江戸川区南篠崎町にあるキリスト教会です

日本バプテスト連盟 篠崎キリスト教会

2014年12月17日祈祷会(マタイ福音書26:57−75、イエスの裁判とペトロの否認)

投稿日:2019年8月21日 更新日:

1.最高法院で裁かれるイエス

・イエスは大祭司の屋敷に連行された。ペトロは連行されるイエスに、距離をおきながらも、従いて行った。彼が大祭司の屋敷の中庭まで入り、下役たちの中に紛れ込み、成り行きを見ようとしたのは、師イエスの身を心配したからだった。
−マタイ26:57−58「人々はイエスを捕えると、大祭司カイアファのところへ連れて行った。

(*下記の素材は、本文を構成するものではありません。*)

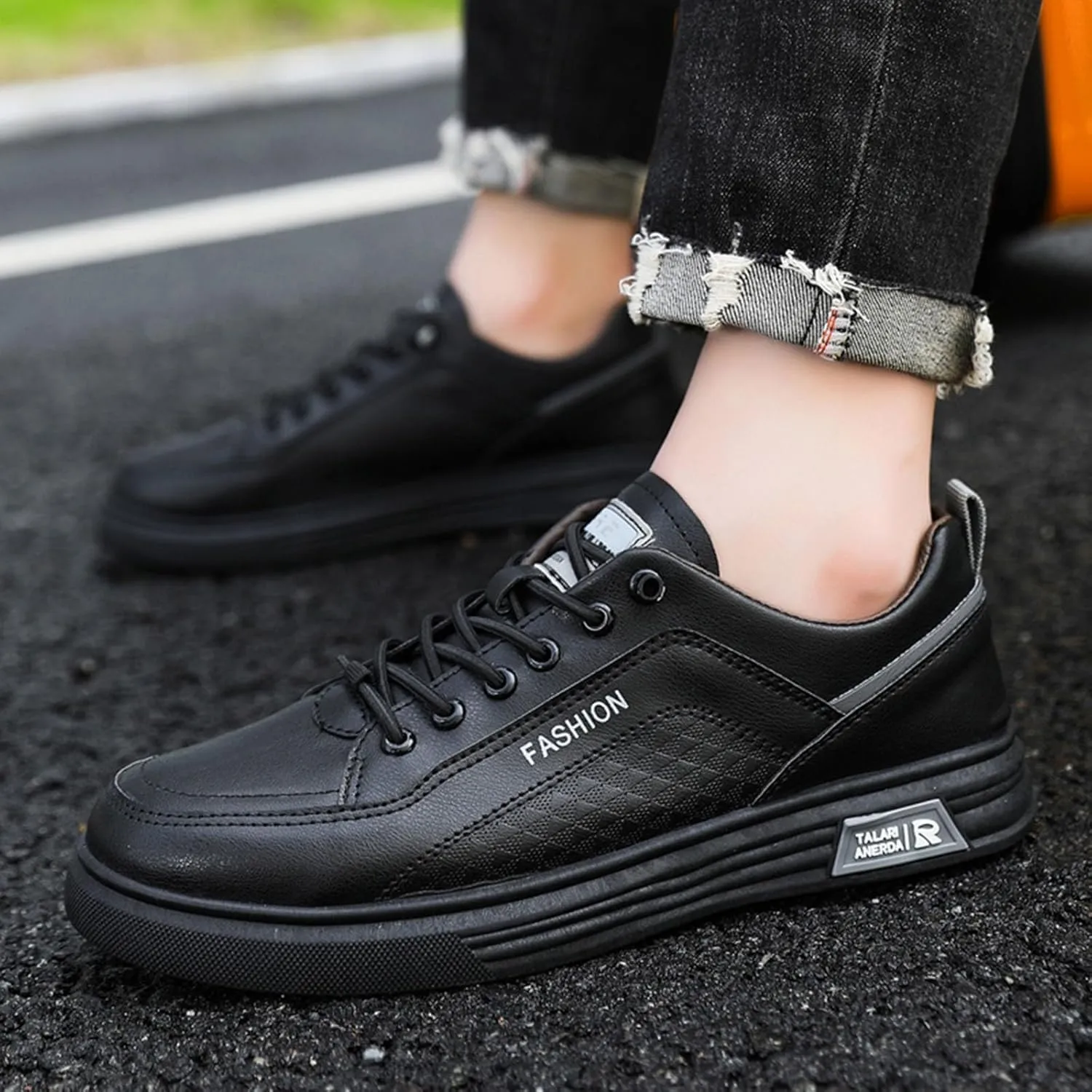 Men's Arch Support Insole Shoes Breathable and Light Outdoor Comfy Walking Shoe Business Casual Versatile Shoes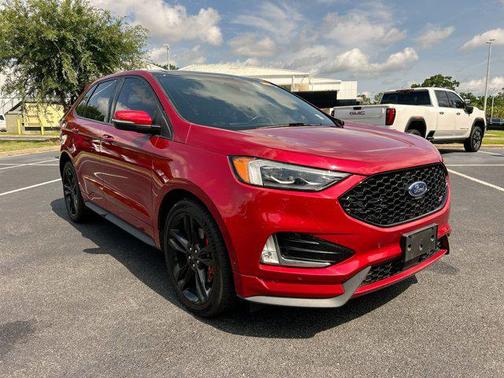 2021 Ford Edge ST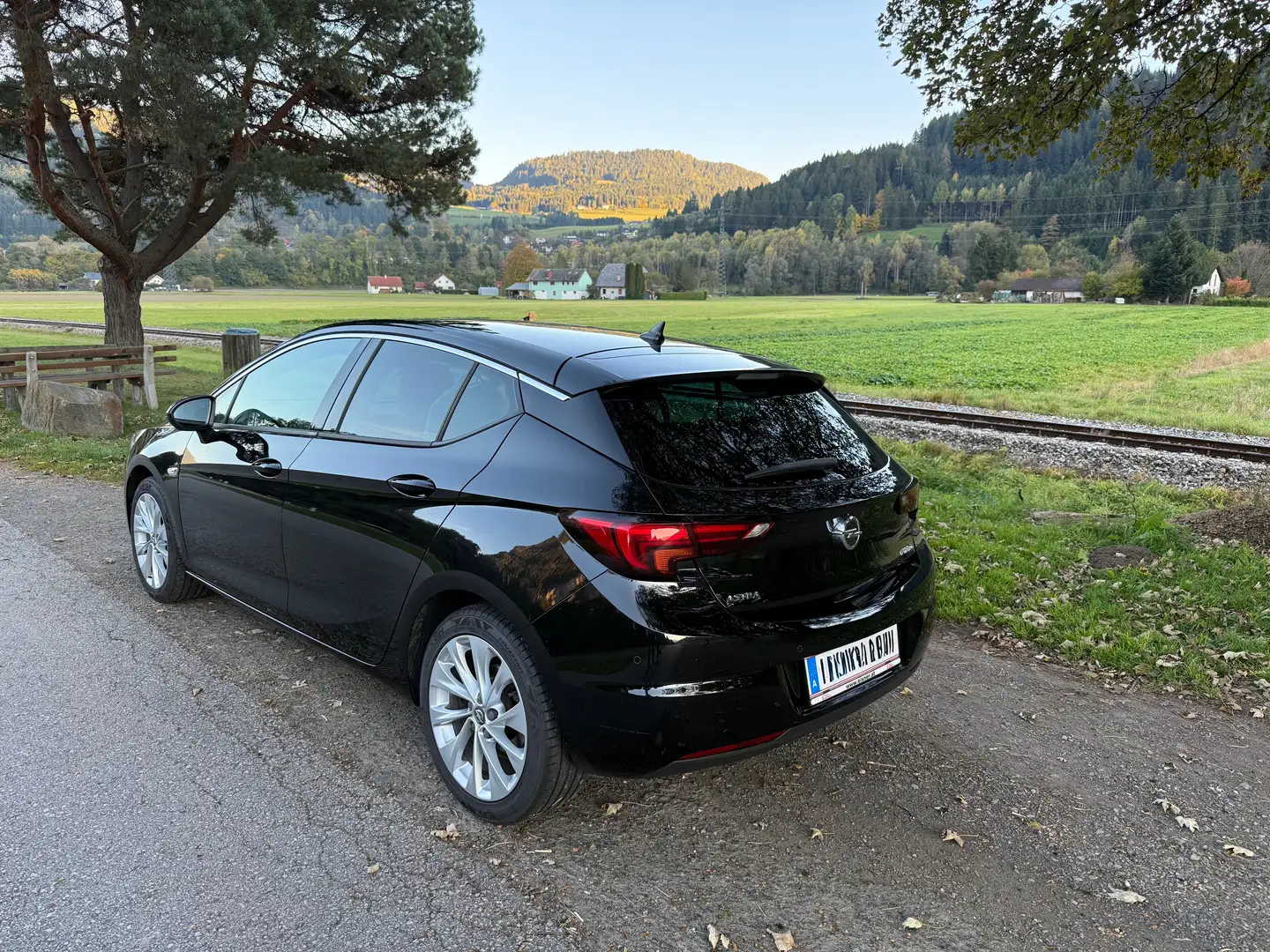 Opel Astra Astra 1,4 Turbo Innovation Schwarz - 2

そこには、律法学者たちや長老たちが集まっていた。ペトロは遠く離れてイエスに従い、大祭司の屋敷の中庭まで行き、事の成り行きを見ようと、中に入って、下役たちと一緒に座っていた。」
・イエスの裁判は大祭司の主導で行われた。大祭司や祭司長たちは初めからイエスを死刑にしようと企んでいた。多くの証人が、イエスに不利な偽証を次々並べ立てた。しかし、律法では二人以上の証言がなくては罪に定められないので、決定的証言はなかなか得られなかった。最後に二人の証人が現れ、「この男は『神の神殿を打ち倒し、三日あれば建てることができる』と言いました」と一致した証言をした。彼らはこの証言を取りあげた。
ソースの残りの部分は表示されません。